The Creighton University Rural Mainstreet Index (RMI) climbed in February and remained above growth neutral for the 15th straight month, according to the monthly survey of bank CEOs in rural areas of a 10-state region — Colorado, Illinois, Iowa, Kansas, Minnesota, Missouri, Nebraska, North Dakota, South Dakota and Wyoming — dependent on agriculture and/or energy.
The region’s overall reading for February rose to 61.5 from January’s 61.1. The index ranges between 0 and 100 with a reading of 50.0 representing growth neutral.
“Strong grain prices, the Federal Reserve’s record-low short-term interest rates, and growing agricultural exports have underpinned the Rural Mainstreet Economy,” said Ernie Goss, PhD, Jack A. MacAllister Chair in Regional Economics at Creighton University’s Heider College of Business. The region’s farmland price index decreased to a very strong 78.8 from January’s 88.5 and December’s record high of 90.0. February’s reading represented the 17th straight month the index has moved above growth neutral.

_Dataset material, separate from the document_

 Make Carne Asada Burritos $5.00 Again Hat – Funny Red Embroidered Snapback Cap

The February farm equipment-sales index slipped to a very healthy 72.0 from 72.4 in January. This is the 15th straight month that the index has advanced above growth neutral. Readings over the past several months are the strongest string of monthly readings recorded since Spring 2011.

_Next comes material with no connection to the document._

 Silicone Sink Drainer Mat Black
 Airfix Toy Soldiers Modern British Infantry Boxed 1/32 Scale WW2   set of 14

Bankers were asked to project corn and soybean prices out six months. On average, banks expect corn prices per bushel to fall by 2.6% and soybean prices per bushel to drop by 2.3%.
The February loan volume index increased to 40.4 from January’s weaker 28.8. While February farm loans are normally low, this reading was below expected February readings. The checking-deposit index climbed to 80.8 from January’s 76.9, while the index for certificates of deposit and other savings instruments sank to 34.6 from 42.3 in January.
On average, bank CEOs expect the Federal Reserve to raise short-term interest rates by one percentage point which is up from 0.70% (70 basis points) recorded last month. Approximately one in five bankers project more than four rate hikes of one-quarter percentage point in 2022.
The new hiring index expanded to 61.5 from 61.1 in January. Labor shortages continue to be a significant issue constraining growth for Rural Mainstreet businesses. As a result of recent strong Rural Mainstreet job gains, the U.S. Bureau of Labor Statistics data indicate that over the last 12 months, the region has experienced a healthy 4.2% gain in nonfarm employment (non-seasonally adjusted).
The survey represents an early snapshot of the economy of rural agriculturally and energy-dependent portions of the nation. RMI is a unique index covering the 10 states, focusing on approximately 200 rural communities with an average population of 1,300. It gives the most current real-time analysis of the rural economy.